Impreza w błyskach fleszy

20

– W końcu coś ruszyło! Przez pierwszą połowę lata często nie dopisywała nam pogoda, ale nie mówimy jeszcze ostatniego słowa, bo naszą inicjatywę wspiera coraz więcej osób – tak o cyklicznej imprezie DJ-skiej, pod nazwą „Lubin nie śpi”, mówią jej twórcy.

Każdego tygodnia, taras restauracji Wzgórze Zamkowe odwiedzają tłumy lubinian. To właśnie tam, w sobotnie wieczory, młodzi mieszkańcy rozkręcają imprezę pod gołym niebem.

– Wystarczyło trochę zapału i dobrych chęci. W promocji pomogły nam media i dalej już poszło. Póki jest ciepło, nie możemy narzekać na brak imprez w Lubinie. Każdy, kto przejrzy galerię zdjęć na naszym facebooku (facebook.com/niespimy), zobaczy, jak się bawimy – zachęcają organizatorzy „Lubin nie śpi”.

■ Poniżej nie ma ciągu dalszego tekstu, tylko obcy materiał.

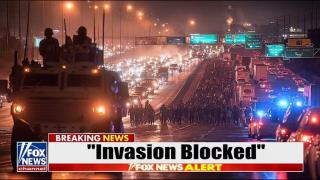 "INVASION" CONVOY JAMS Interstate… Texas 'Marines' SEAL EXITS, MARCH Illegals to MEXICO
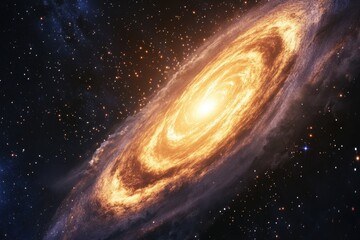 Obraz premium Fiery Spiral Galaxy in a Dark Expanse of Space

W najbliższą sobotę, tak jak w poprzednie, na scenie pojawi się lokalny DJ Deimonth Luke. Nie zabraknie więc letnich brzmień klubowych z gatunku funky house, trance i electro. Muzyka gra od godz. 20, a wstęp pozostaje bezpłatny. Organizatorzy zapowiadają też, że – tradycyjnie już – na drugi dzień umieszczą w sieci fotogalerię z całego wydarzenia.

– Jest impreza, błyski fleszy, są kobiety. Czego więcej chcieć? – żartują na koniec lata.